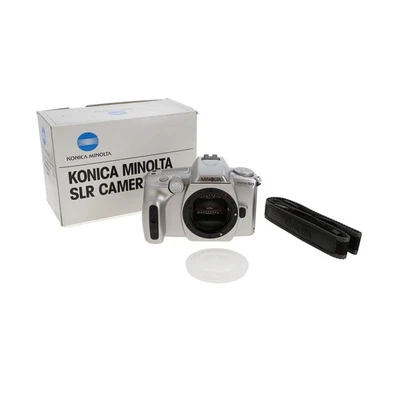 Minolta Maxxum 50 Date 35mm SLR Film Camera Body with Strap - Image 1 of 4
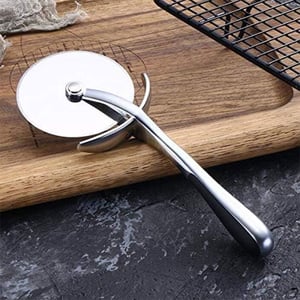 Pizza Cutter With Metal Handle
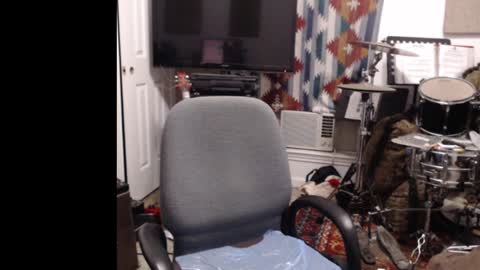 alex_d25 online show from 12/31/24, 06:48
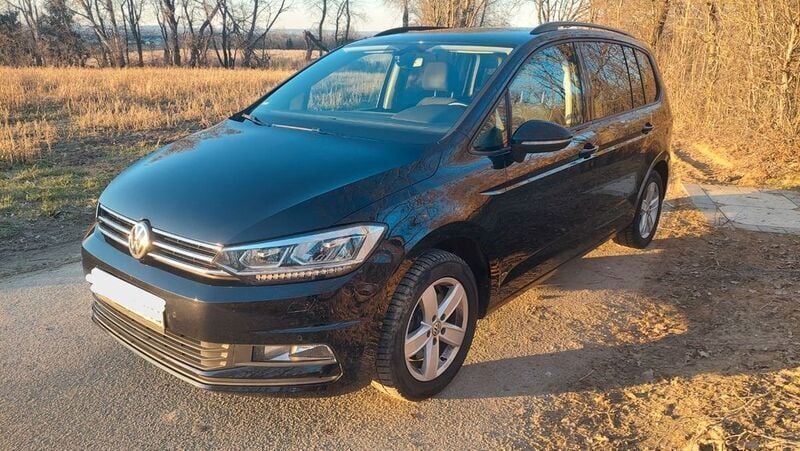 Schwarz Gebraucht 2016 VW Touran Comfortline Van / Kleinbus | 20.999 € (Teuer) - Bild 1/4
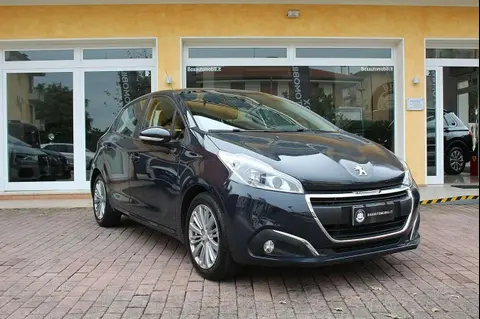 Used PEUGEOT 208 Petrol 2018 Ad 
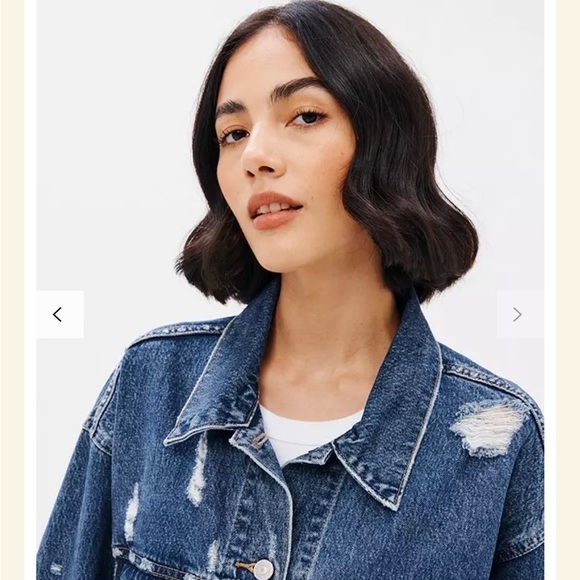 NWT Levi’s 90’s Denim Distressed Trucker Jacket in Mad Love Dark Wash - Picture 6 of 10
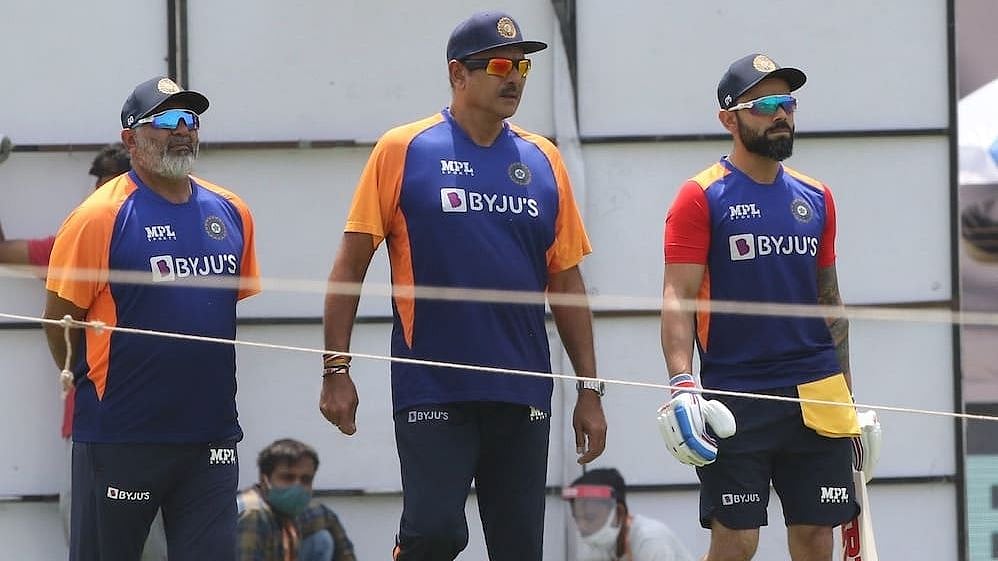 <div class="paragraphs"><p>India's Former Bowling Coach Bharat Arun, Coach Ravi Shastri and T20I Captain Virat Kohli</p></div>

The problem
Repeat each of the records exactly as written, except for the pictures, which are to be left out.

Problem solution
 Minolta Maxxum 50 Date 35mm SLR Film Camera Body with Strap - Image 1 of 4
 Pizza Cutter With Metal Handle
 alex_d25 online show from 12/31/24, 06:48
 Schwarz Gebraucht 2016 VW Touran Comfortline Van / Kleinbus | 20.999 € (Teuer) - Bild 1/4
 Used PEUGEOT 208 Petrol 2018 Ad 
 NWT Levi’s 90’s Denim Distressed Trucker Jacket in Mad Love Dark Wash - Picture 6 of 10
 <div class="paragraphs"><p>India's Former Bowling Coach Bharat Arun, Coach Ravi Shastri and T20I Captain Virat Kohli</p></div>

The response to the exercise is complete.